Over the past two weeks, we’ve fielded calls from news agencies, government offices and community leaders asking if the threat is “for real” and trying to gauge the extent of the problem. One of my neighbors called, asking if it’s safe to pick up a Pepsi bottle someone tossed in the front yard.
The answer is: yes, it’s probably safe. If the bottle looks like a normal bottle, go ahead and toss it in the trash.
But if it looks swollen or misshapen—as if it might burst—leave it alone and call 911.
Drano bombs, also called “bottle bombs,” are nothing new. Made from a few basic household items, they explode when gas generated by a chemical reaction inside the capped bottle builds to a breaking point. Our Arson & Bomb Unit says they’ve been around for years; typically, they’re constructed by juveniles fooling around with stuff they ought to leave alone.
Baltimore County is not experiencing a Drano bomb epidemic.
There were 13 Drano bomb cases in all of 2011. So far this year, police have documented six incidents involving the devices – two in the White Marsh precinct; one in the Franklin precinct; and, last week, three in the North Point precinct. Officers in the bomb squad say they typically see an uptick in these incidents at this time of year, just after school lets out.
The Franklin incident involved the arrest of a 13-year-old boy. One of the North Point incidents occurred in the Dundalk High gymnasium and involved arrest of an 18-year-old student. In a different North Point incident, one person suffered minor injuries.
The lack of serious injuries is good news, because Drano bombs can cause severe injury, especially if they’re placed in a mailbox or other container that can turn to shrapnel if the device goes off.

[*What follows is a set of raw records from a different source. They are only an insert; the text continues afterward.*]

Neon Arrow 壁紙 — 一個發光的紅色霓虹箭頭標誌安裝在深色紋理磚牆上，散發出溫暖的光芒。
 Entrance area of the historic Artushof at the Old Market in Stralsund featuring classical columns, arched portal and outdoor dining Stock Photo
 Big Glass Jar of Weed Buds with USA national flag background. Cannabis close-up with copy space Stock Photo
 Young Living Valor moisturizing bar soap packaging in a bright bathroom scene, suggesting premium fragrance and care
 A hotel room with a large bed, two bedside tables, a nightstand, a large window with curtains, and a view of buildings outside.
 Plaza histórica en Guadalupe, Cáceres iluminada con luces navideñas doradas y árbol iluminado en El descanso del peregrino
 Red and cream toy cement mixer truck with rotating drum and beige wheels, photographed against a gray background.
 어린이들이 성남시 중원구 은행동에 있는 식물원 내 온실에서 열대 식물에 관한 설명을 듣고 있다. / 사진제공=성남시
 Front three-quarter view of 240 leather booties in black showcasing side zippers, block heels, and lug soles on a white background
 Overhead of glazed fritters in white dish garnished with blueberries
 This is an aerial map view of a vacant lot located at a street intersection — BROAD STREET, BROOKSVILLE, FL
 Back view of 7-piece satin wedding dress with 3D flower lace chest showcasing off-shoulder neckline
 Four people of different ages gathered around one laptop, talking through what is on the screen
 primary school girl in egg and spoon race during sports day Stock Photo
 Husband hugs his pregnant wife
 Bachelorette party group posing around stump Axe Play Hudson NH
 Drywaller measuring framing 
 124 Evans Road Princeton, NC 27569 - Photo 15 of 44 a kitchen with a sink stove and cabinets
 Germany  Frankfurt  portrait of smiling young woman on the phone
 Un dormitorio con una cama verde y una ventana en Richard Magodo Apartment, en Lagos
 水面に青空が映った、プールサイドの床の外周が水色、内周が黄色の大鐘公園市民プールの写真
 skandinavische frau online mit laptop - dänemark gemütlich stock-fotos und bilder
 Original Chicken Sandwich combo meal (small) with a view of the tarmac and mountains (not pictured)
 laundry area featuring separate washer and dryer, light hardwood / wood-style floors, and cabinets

The catch-22 in all this is that efforts to raise awareness about the dangers of Drano bombs may entice some kids (or adults) into experimenting with them. Such would-be pranksters should know that the law puts Drano bombs in the same category as the pipe bombs terrorists use. Building, setting off or possessing a Drano bomb is a felony; conviction can land you in jail for up to 25 years and/or cost you up to $250,000 in fines.